Lathrop got up on the truck and motioned for the band to stop playing.
“Here it comes,” April whispered. “God, I hope he makes it quick. I’m getting sick.”
“Now that I met most of you folks I’d like to tell you what I got planned when I get in office,” he began. His tan suit was spotted with wine stains. “You see that dirt road we came up on? When I’m elected we’re not going to have roads like that. No sir, we’re going to have the best streets and highways anywhere. You’re not going to have to sit on your front porch and eat all that dust everytime a car comes down your street. We’re going to get electric lights in the houses and plumbing and running water, and there’s going to be good schools you can send your children to.”
“Lawd-God,” Seth whispered.
“They ought to bring a fire hose out here and wash them down,” April said. “None of them must have bathed since the Civil War.”
“Don’t you like nigger politics?” Seth said.
“And we’re going to have unemployment insurance and social security and charity hospitals for the poor,” Lathrop said. “We’re going to run that bunch of politicians out of the capitol and put the common man back in his rightful place. We’re going to get rid of the fat boys that are draining the state dry and giving nothing to the people; we’re going to raise the wages and the living standard, and the only way to do it is to get this big city trash out of office and let a man of the people serve and represent the people.”
“This is the last time I’m going around kissing niggers for Lathrop,” April said.
“You thinking about quitting?” Seth said. “Doc Elgin ought to give you a job. They say there’s good money in pushing happy powder in the grade schools.”
April turned to him and formed two words with her lips.
“And there’s a lot more benefits coming to the state,” Lathrop said. “For years you been paying taxes to the rich, and the only thing you got for it is hard work and poverty.
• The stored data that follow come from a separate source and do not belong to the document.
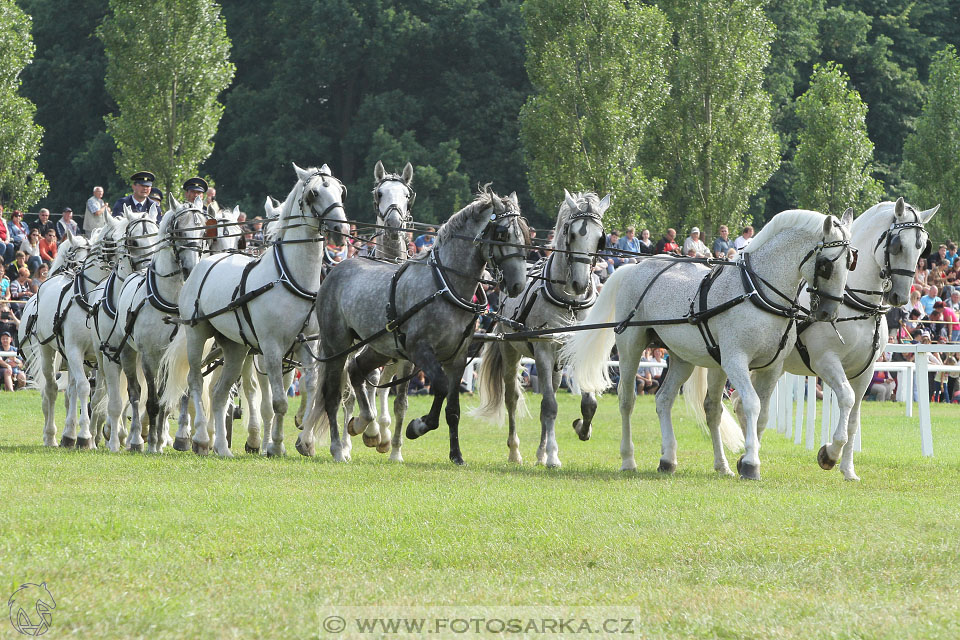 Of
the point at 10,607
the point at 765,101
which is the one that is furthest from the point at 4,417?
the point at 765,101

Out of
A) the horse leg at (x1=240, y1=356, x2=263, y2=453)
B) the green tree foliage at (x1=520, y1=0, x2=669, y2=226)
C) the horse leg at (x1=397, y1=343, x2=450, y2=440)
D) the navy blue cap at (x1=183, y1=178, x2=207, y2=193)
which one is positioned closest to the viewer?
the horse leg at (x1=397, y1=343, x2=450, y2=440)

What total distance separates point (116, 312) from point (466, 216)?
413 centimetres

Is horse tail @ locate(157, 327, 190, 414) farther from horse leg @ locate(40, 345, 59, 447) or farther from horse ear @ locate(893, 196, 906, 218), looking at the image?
horse ear @ locate(893, 196, 906, 218)

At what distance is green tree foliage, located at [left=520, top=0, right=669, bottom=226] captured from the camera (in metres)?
37.3

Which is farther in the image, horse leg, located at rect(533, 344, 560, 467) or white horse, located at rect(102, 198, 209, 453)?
white horse, located at rect(102, 198, 209, 453)

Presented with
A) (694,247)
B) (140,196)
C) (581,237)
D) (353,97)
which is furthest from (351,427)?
(353,97)

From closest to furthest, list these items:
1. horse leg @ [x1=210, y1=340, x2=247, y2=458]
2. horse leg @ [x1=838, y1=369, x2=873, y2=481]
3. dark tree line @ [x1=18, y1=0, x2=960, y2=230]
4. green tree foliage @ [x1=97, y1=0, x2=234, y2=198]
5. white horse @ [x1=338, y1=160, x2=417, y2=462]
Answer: horse leg @ [x1=838, y1=369, x2=873, y2=481] → horse leg @ [x1=210, y1=340, x2=247, y2=458] → white horse @ [x1=338, y1=160, x2=417, y2=462] → green tree foliage @ [x1=97, y1=0, x2=234, y2=198] → dark tree line @ [x1=18, y1=0, x2=960, y2=230]

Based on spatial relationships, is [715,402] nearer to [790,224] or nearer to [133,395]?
[790,224]

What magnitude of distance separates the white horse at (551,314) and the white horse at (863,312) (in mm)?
2072

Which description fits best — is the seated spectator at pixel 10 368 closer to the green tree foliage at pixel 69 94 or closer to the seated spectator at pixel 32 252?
the seated spectator at pixel 32 252

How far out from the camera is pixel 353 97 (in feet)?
160

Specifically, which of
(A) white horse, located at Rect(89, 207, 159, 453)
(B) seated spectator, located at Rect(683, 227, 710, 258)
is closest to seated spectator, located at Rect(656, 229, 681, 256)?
(B) seated spectator, located at Rect(683, 227, 710, 258)

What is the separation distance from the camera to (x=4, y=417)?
18281 mm

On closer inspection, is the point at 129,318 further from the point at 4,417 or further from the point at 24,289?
the point at 24,289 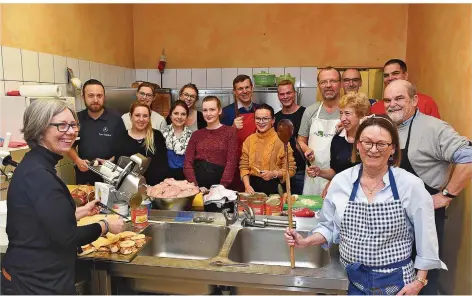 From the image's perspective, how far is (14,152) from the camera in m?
2.27

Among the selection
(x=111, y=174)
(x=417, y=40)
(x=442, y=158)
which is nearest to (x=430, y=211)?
(x=442, y=158)

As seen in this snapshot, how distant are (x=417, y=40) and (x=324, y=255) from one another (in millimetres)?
3160

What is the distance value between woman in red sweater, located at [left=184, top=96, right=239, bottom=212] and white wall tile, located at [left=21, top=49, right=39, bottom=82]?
137cm

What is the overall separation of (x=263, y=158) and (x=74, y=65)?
2.09m

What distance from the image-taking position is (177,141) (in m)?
2.94

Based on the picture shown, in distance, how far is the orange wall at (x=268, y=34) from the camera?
184 inches

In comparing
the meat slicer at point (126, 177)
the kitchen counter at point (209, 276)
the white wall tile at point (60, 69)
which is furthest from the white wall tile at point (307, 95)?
the kitchen counter at point (209, 276)

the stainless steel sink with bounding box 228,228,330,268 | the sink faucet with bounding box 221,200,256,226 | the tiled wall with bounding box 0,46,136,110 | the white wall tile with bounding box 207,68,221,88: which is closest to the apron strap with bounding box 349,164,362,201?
the stainless steel sink with bounding box 228,228,330,268

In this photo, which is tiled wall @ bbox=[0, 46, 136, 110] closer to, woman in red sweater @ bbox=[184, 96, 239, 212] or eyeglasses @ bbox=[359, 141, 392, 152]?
woman in red sweater @ bbox=[184, 96, 239, 212]

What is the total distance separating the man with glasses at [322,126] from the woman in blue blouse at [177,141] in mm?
887

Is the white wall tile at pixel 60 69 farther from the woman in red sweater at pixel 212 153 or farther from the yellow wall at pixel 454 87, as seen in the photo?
the yellow wall at pixel 454 87

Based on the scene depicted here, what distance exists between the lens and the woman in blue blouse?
2.89 meters

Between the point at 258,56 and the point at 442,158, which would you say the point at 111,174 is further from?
the point at 258,56

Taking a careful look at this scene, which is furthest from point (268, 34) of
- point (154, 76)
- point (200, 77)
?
point (154, 76) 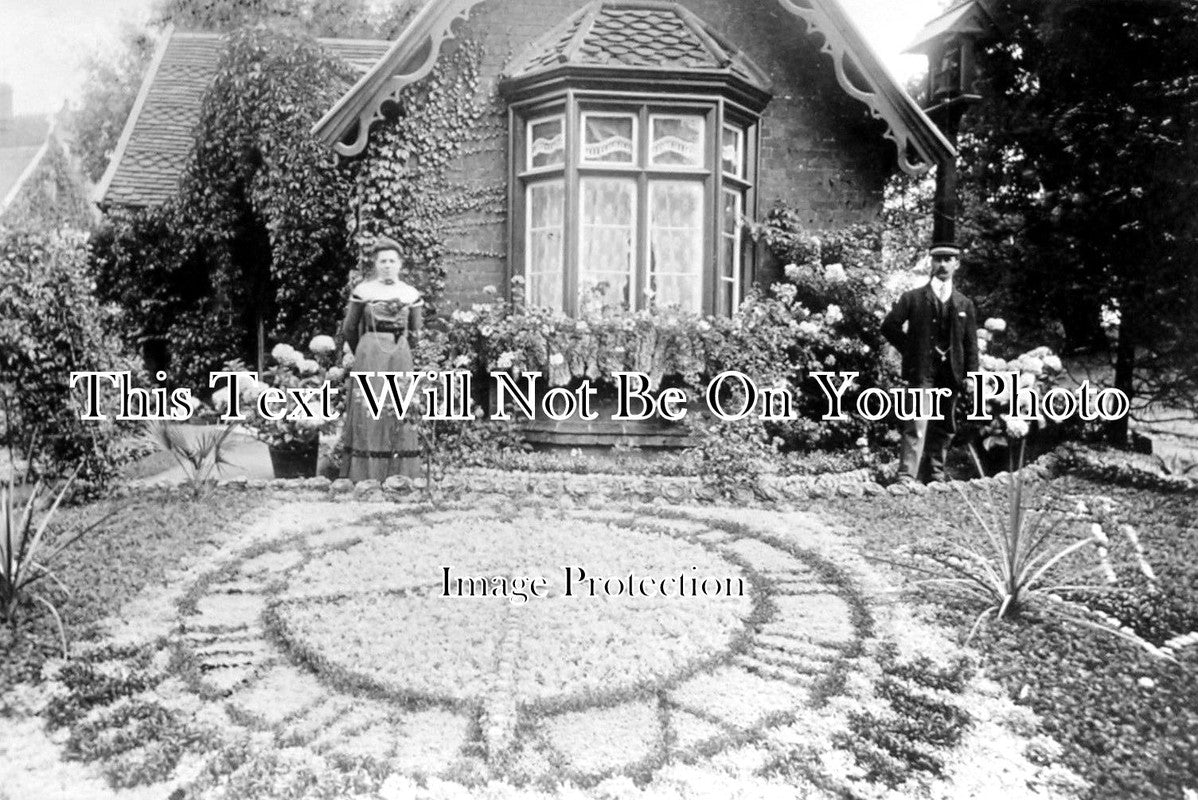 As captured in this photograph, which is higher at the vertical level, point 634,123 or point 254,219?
point 634,123

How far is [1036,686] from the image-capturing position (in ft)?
8.13

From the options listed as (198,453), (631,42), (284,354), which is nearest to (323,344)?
(284,354)

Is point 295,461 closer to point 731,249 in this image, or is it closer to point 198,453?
point 198,453

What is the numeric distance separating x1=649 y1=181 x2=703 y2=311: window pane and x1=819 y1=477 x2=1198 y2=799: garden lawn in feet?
10.6

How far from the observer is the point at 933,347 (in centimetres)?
480

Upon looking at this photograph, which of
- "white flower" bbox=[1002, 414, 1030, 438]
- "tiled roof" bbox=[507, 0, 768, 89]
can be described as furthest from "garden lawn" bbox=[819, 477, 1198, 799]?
"tiled roof" bbox=[507, 0, 768, 89]

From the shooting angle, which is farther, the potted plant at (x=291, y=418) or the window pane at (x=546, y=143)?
the window pane at (x=546, y=143)

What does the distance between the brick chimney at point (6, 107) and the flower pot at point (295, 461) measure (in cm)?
235

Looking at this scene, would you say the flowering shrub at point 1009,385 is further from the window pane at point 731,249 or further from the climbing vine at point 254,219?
the climbing vine at point 254,219

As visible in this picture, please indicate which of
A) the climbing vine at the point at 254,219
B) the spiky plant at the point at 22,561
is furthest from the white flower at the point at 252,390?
the spiky plant at the point at 22,561

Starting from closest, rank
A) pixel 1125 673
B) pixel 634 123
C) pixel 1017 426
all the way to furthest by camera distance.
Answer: pixel 1125 673 < pixel 1017 426 < pixel 634 123

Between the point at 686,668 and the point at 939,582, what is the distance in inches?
45.2

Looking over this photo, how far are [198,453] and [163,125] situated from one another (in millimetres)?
2147

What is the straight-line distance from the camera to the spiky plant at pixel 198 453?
3.97m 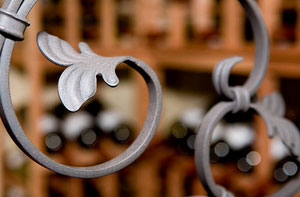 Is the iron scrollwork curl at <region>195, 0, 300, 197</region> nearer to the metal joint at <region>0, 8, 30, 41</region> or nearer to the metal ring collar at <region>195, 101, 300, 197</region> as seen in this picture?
the metal ring collar at <region>195, 101, 300, 197</region>

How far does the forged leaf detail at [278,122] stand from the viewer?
0.26m

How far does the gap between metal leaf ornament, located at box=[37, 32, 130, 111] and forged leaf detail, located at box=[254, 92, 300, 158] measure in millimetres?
107

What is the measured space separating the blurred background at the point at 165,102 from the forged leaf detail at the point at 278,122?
49 centimetres

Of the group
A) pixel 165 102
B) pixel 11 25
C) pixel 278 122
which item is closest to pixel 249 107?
pixel 278 122

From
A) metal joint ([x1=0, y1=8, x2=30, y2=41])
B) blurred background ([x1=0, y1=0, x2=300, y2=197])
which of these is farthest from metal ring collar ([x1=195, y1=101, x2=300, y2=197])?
blurred background ([x1=0, y1=0, x2=300, y2=197])

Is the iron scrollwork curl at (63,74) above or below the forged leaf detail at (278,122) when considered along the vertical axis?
above

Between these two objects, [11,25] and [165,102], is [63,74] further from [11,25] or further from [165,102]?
[165,102]

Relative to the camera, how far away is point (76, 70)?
19 cm

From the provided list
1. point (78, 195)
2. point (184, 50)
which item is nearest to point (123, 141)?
point (78, 195)

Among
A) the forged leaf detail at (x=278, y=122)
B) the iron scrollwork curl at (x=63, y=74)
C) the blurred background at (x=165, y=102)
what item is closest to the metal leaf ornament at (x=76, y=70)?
the iron scrollwork curl at (x=63, y=74)

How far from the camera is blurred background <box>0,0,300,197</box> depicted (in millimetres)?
888

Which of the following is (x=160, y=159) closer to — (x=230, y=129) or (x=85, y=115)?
Answer: (x=230, y=129)

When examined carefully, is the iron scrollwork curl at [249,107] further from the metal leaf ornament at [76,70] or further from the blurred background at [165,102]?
the blurred background at [165,102]

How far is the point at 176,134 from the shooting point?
143 centimetres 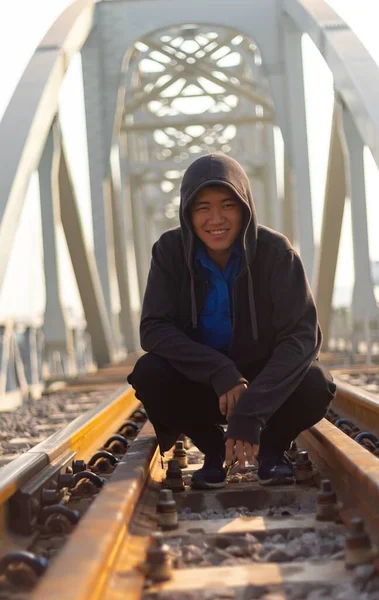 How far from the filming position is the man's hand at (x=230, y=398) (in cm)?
273

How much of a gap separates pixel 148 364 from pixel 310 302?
1.70ft

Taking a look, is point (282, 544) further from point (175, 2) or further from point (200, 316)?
point (175, 2)

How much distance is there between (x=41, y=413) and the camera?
687 centimetres

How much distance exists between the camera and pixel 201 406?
3068 mm

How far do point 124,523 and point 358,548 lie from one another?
20.5 inches

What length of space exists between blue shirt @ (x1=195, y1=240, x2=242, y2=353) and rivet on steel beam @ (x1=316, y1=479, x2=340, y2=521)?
0.67 metres

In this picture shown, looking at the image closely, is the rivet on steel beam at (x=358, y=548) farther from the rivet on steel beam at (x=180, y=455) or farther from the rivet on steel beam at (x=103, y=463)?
the rivet on steel beam at (x=180, y=455)

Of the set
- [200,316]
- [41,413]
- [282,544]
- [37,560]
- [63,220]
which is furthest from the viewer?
[63,220]

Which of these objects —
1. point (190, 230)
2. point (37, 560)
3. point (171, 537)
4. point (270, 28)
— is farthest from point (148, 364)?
point (270, 28)

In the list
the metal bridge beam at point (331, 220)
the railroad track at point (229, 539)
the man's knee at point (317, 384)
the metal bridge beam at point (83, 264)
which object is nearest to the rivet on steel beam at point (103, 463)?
the railroad track at point (229, 539)

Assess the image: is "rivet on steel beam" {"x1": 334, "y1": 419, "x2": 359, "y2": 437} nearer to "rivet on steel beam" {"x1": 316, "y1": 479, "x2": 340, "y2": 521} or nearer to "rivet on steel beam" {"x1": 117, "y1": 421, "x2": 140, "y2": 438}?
"rivet on steel beam" {"x1": 117, "y1": 421, "x2": 140, "y2": 438}

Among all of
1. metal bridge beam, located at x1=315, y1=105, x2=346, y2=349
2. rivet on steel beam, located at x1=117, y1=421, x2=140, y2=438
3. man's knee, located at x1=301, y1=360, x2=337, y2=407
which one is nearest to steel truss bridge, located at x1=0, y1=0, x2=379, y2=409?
metal bridge beam, located at x1=315, y1=105, x2=346, y2=349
I’ve seen colored people working in the fields twelve hours a day and not getting enough money to buy bread and greens with; I’ve seen them sweating on highway gangs and railroad and construction jobs and getting nothing but sunstroke for their pay. Well, that’s going to change. Every man in this state is going to have an even chance, and there’s not going to be any rich men walking over the poor—”
His speech went on for another half hour. A police car came down the blacktop and cruised slowly by the crowd. An officer in the front seat waved to Lathrop. Lathrop nodded in return, and the car disappeared down the road. The last cask of wine was emptied, the band put away their instruments, and Lathrop said good night to the crowd. He went among the Negroes and shook a few hands before he got in his sedan and drove back to the other side of town, where he was to make a late speech at a segregationist rally held in a vacant lot under a big tent. The truck followed the sedan past the board shacks and across the railroad crossing.
At the hotel J.P. stopped off in the bar and had a whiskey and water. He had another. He got some change from the bartender and went to use the telephone in the booth. He phoned Doc Elgin at his home.
“You didn’t come around today,” J.P. said.
“I’ve been busy. I asked you not to phone me except at my office,” Elgin said.
“I need some candy.”
“Everybody needs candy.”
“I’m almost out. I’ll need some by tomorrow.”
“I have a lot of people to see,” Elgin said.
“Listen, I need it in the morning.”
“Where will you be?”
“At the hotel.”
“You owe me for the last two deliveries.”
“I’ll make it good tomorrow.”
“I advise you to,” Elgin said, and hung up.
J.P. had a glass of beer and a ham sandwich at the bar and went up to April’s room. Through the door he could hear the shower water running. He went in without knocking and sat in a chair by the window and waited for her. He lifted the shade and looked down into the street. The lamp on the corner burned in the dark. A Negro fruit vender pushed a wood cart along the worn brick paving in the street. The night was quiet except for the creak of the wooden wheels over the brick and the slow shuffle of the Negro.